Part D is a little confusing, is it -10?

Answer 10

I got Part C and D wrong I'll try again

Answer 11

I need help with Part C and D

Answer 12

Part C is either (lna+3lnb)*(lnb+lnc)^2 or (lna+3lnb)/(-2(lnb+lnc)). I'm not sure exactly what part of the expression the -2 exponent belongs to. Part C is either 704 or -.6875.
Part D is -2lnc*(lna-lnb)^3 which is +10 because it is the same as (-10)*(-1)^3.

Answer 13

The trick here is to apply rules of logs before substituting in the given values for log a, log b, log c, and so on.
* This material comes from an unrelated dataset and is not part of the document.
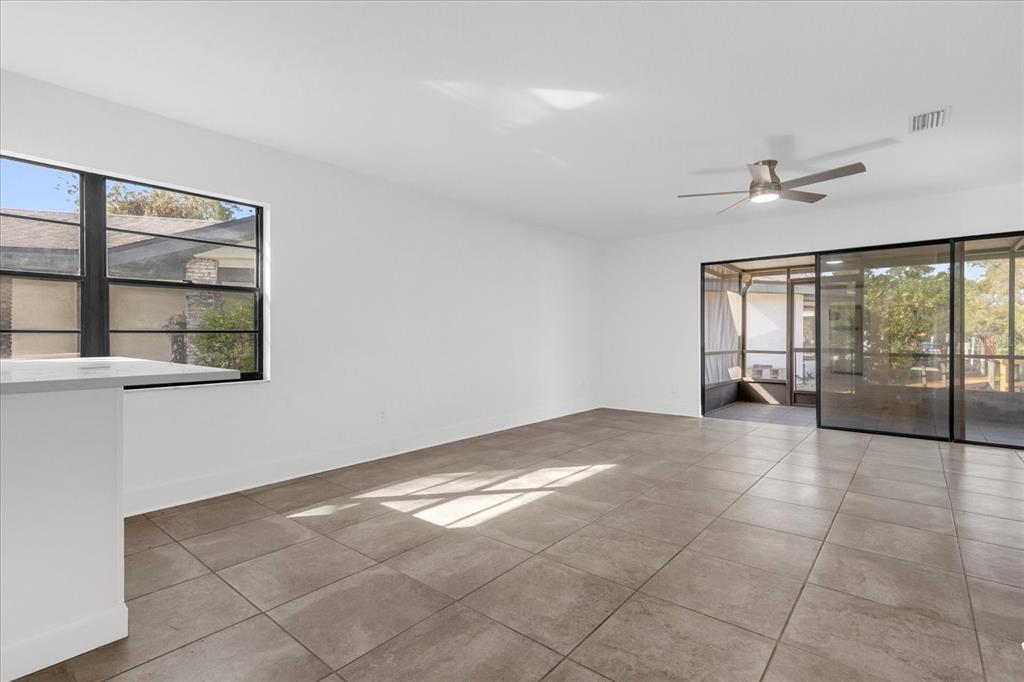 5222 South View Point Homosassa, FL 34448 - Photo 7 of 28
Part D involves multiplication. What is the log of E * F, in terms of log E and log F?

What is\[\ln c ^{-2}\]

Answer 14

in terms of ln c?

Answer 15

Which rule of logs applies to division? How would you simplify \[\ln \frac{ P }{ Q }?\]

Answer 16

Hope this helps you to get back on track.

Answer 17

.04?

Answer 18

I've asked a lot of questions. Which one were you answering here?

Answer 19

The lnc^-2

Answer 20

Actually, Brandon, I'd wanted y ou to use rules of logs FIRST, and only after having simplified ln c^(-2) as far as possible, substitute ln c = 5. Mind doing that now?

Using rules of logs, simplify ln c^(-2)

Answer 21

Brandon?

Answer 22

I am having a little trouble, most of this is new to me

Answer 23

do you have access to a list of rules of logarithms? If not, good idea to make one up.
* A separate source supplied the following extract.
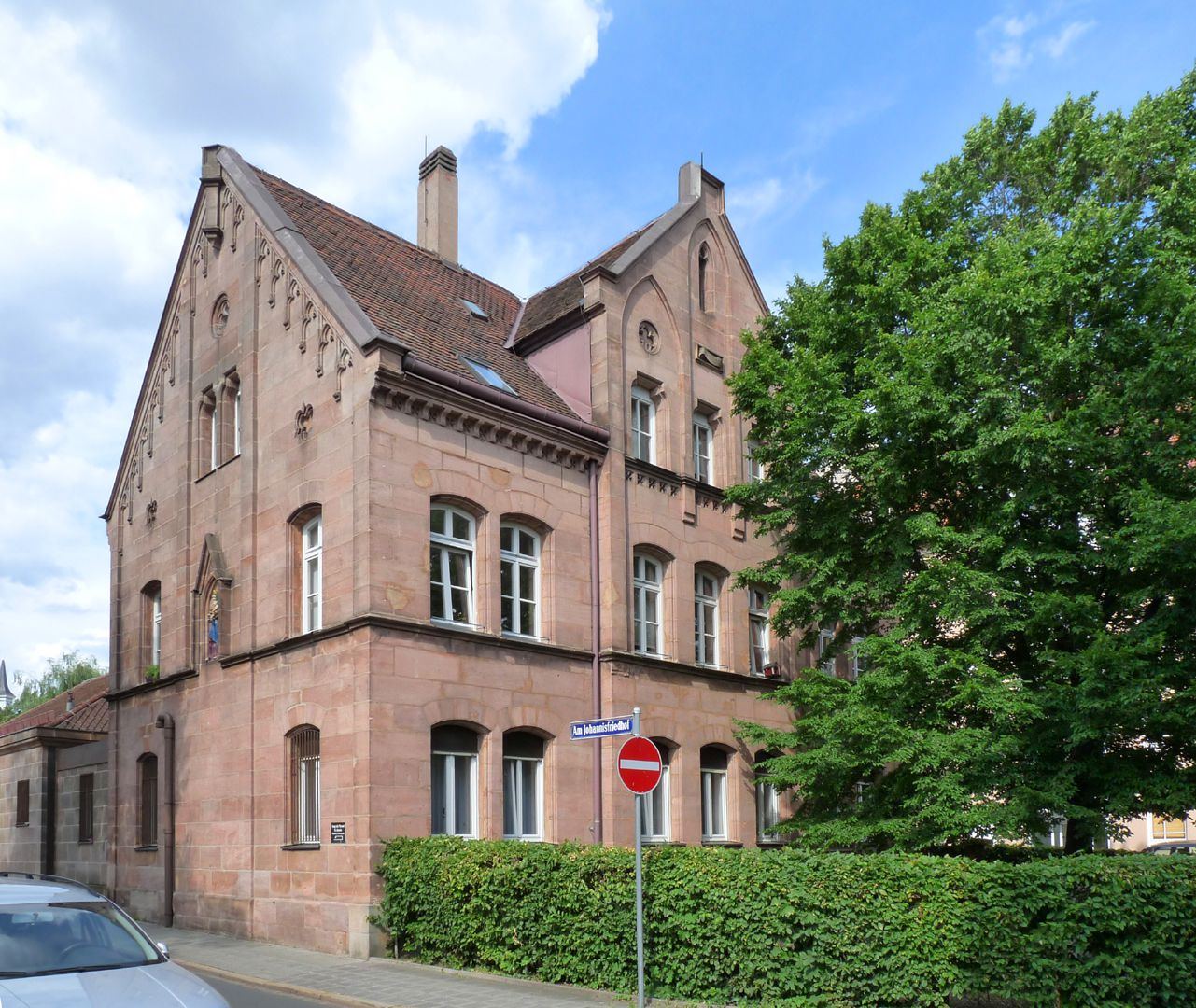 Pfarrhaus am Johannisfriedhof Südwest-Ansicht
You are to simplify \[\ln c ^{-2}\]

Answer 24

The rule for simplifying powers of c is as follows:

Answer 25

\[\ln c^d=d*\ln c\]

Answer 26

Following this rule, simplify:\[\ln c ^{-2}\]

Answer 27

Brandon, what's the value of "d" in this problem?

Answer 28

-2?

Answer 29

-2 * lnc

Answer 30

That's right! Now, go back to the original problem. It tells us that ln c is what?

Please write ln c, not lnc.

ln c = ?

Answer 31

5

Answer 32

Right. Therefore, \[\ln c ^{-2},when \ln.c=5, is -2 (5)=?\]

Answer 33

-10

Answer 34

oh so it is not 5^-2

Answer 35

That's a part that was confusing me

Answer 36

-10 is correct. 5^-2 is not.